The BSP shifted formally to inflation targeting in January 2002. Meanwhile, efforts of the monetary authorities have been focused on refining the operational details for the implementation of inflation targeting. Two of the operational challenges involve addressing the informational requirements of an inflation-targeting regime and adopting specific measures to enhance the transparency of monetary policy.

Informational Implications of Inflation Targeting

Inflation targeting is described as an information-intensive approach to monetary policy because of its emphasis on transparency and its use of a large set of economic variables to guide monetary policy setting.

In the past, monetary policy decisions in the Philippines relied for the most part on information on monetary aggregates, which served as operating targets under the monetary targeting framework employed by the BSP. However, financial liberalization has limited the effectiveness of monetary aggregates both as a lever of monetary policy and as an indicator of the monetary stance. For example, during the mid-1990s, headline inflation remained largely on track despite the fact that, because of surges in capital inflows, base money was above ceilings set under the IMF-supported economic program. By contrast, inflation rose to double-digit levels in 1995 following a shortage in the supply of rice, even as base money levels remained within program ceilings. In reaction to these developments, the BSP adopted in 1995 a modified targeting approach, which placed stronger emphasis on the price stability objective and less on rigid adherence to prespecified monetary aggregate ceilings (Guinigundo, 1999). This change also called for the use of a larger set of information variables in the conduct of monetary policy.

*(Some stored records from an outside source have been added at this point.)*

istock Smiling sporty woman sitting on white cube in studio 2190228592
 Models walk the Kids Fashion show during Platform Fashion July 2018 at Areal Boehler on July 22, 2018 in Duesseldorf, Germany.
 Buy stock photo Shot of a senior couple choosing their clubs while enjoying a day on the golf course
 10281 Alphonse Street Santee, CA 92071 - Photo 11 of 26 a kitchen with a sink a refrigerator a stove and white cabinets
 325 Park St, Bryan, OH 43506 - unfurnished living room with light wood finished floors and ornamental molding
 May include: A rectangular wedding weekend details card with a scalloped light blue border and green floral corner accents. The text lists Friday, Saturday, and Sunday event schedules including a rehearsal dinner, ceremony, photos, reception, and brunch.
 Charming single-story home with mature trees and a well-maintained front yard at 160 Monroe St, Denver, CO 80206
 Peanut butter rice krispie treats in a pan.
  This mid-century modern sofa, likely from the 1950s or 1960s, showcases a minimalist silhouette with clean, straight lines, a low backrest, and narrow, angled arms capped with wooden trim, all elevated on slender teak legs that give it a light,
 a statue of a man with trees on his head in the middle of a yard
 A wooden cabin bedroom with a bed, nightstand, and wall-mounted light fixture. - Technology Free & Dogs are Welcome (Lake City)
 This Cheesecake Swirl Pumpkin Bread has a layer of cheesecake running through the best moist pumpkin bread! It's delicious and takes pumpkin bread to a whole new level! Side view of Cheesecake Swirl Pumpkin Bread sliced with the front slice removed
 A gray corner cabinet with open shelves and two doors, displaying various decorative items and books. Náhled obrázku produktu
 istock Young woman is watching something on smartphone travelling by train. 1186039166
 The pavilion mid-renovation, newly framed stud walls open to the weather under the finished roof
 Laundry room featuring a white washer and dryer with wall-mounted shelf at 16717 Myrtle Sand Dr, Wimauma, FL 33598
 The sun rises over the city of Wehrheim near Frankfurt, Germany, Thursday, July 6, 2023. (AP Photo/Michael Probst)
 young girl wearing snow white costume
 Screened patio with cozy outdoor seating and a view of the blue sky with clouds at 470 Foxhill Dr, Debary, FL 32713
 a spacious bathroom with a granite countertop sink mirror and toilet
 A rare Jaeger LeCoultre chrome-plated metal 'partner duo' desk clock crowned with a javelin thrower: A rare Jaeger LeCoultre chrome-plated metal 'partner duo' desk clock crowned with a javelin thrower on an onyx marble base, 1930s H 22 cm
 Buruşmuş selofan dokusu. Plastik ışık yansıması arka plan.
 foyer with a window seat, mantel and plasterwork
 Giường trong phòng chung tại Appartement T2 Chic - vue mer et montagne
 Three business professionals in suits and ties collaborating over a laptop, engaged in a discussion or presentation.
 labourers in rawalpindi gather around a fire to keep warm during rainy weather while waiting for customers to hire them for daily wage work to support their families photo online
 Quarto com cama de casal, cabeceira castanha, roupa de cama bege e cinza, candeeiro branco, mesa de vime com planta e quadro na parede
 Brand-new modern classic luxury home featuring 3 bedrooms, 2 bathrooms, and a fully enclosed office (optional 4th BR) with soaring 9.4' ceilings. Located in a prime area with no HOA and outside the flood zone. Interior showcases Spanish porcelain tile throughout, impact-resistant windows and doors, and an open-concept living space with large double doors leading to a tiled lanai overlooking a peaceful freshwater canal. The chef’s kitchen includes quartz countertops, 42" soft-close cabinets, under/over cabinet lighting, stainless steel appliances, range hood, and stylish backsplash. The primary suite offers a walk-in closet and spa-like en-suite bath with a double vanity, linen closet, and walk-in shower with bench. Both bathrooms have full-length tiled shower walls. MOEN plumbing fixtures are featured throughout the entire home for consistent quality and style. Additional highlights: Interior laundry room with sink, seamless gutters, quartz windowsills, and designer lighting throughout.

The formal shift to inflation targeting early this year therefore did not—in some respects—mark a significant change in the statistical demands placed upon the BSP, specifically the Department of Economic Research. The BSP had already been devoting considerable resources to monitoring and analyzing a wide array of information that has a bearing on the country’s inflation performance. Meanwhile, the effort to improve the dataset to ensure reliability, consistency, and timeliness has been an evolving activity.1

Though not significantly departing from past practices, inflation targeting has placed new demands on the data requirements for the conduct of monetary policy and on the analytical and forecasting capabilities of the BSP staff. It has also altered the way the BSP handles the information that it uses to determine the appropriate monetary policy settings. Thus it could be said that the new framework has had a “full circle” impact on the information process in the BSP. On the one hand, inflation targeting has required that the BSP systematically organize, refine, and assess relevant economic information insofar as it affects inflation. More important, it has required greater emphasis on obtaining and analyzing forward-looking indicators that would tell on future inflation. On the other hand, inflation targeting has encouraged the BSP to be more transparent in sharing information with the public on the conduct of monetary policy.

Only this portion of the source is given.